Since the submission of applications by 14 aspiring broadcasters and the subsequent publication of the applicants’ names in the media, there has been no update on the progress of the adjudication process.
To date, BAZ has not published a comprehensive list of the applicants. Neither has it furnished the public with useful details of directorship and ownership of respective companies that applied, which would have assisted the public in making objections as required under the broadcasting law.
“Although BAZ has no legal obligation to do this, the issue is of public interest of which it should appraise the nation to ensure transparency and build public confidence in the whole licensing process,” MISA-Zimbabwe noted in a statement on Monday.

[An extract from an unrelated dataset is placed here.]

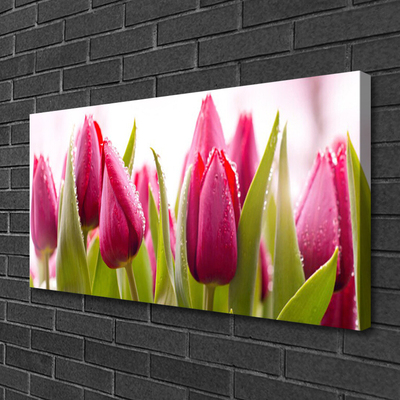 Quadro canvas Tulipas Flores Planta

“What makes it more imperative for BAZ to keep the nation updated on this matter, is the fact that there are no clear timelines stipulated in the Broadcasting Services Act (BSA) under which the regulatory board should shortlist successful applicants; conduct public hearings on their applications and finally license them. It is entirely up to BAZ to determine the time within which these processes have to be completed. In the absence of legal timeframes within which BAZ must conclude the licensing process, there is no enforcement mechanism to ensure the regulatory board speedily issues licenses,” added the MISA-Zimbabwe statement.
MISA-Zimbabwe also noted that even if the new broadcasters were to be eventually licensed, this may not necessarily translate to the provision of alternative information to the citizenry due to the stipulated content restrictions in BSA.
“By their very nature private broadcasters are profit oriented and therefore need to structure their programming in a manner that attracts listenership, thereby drawing advertising revenue. Therefore, they need to operate within a framework that accords them considerable editorial autonomy for their sustainability.”
However, the repressive BSA imposed content requirements that interfere with their independence. Among these are the compulsory 75% quota for local content; the allocation of an hour of broadcasting space per week to government and the stipulations on airing of political and electoral matters.
“For example, in terms of Part II of the Fifth schedule of the BSA a broadcaster is required to report to BAZ and keep records of any broadcast of a political matter. According to the interpretation clause, a political matter is “any political matter, including the policy launch of a political party”. This definition is so vague to the extent that it can cover a broad spectrum of the broadcasters’ content. Restrictions such as these are bound to compromise private broadcasters’ role as independent sources of alternative information.
It is for this reason that MISA-Zimbabwe reiterates its calls for the repeal of the BSA and its replacement with a democratic law that will ensure transparency in the licensing process as well as promote the establishment of a three-tier broadcasting system, which will allow Zimbabweans to freely express themselves and access information of their choice,” it added.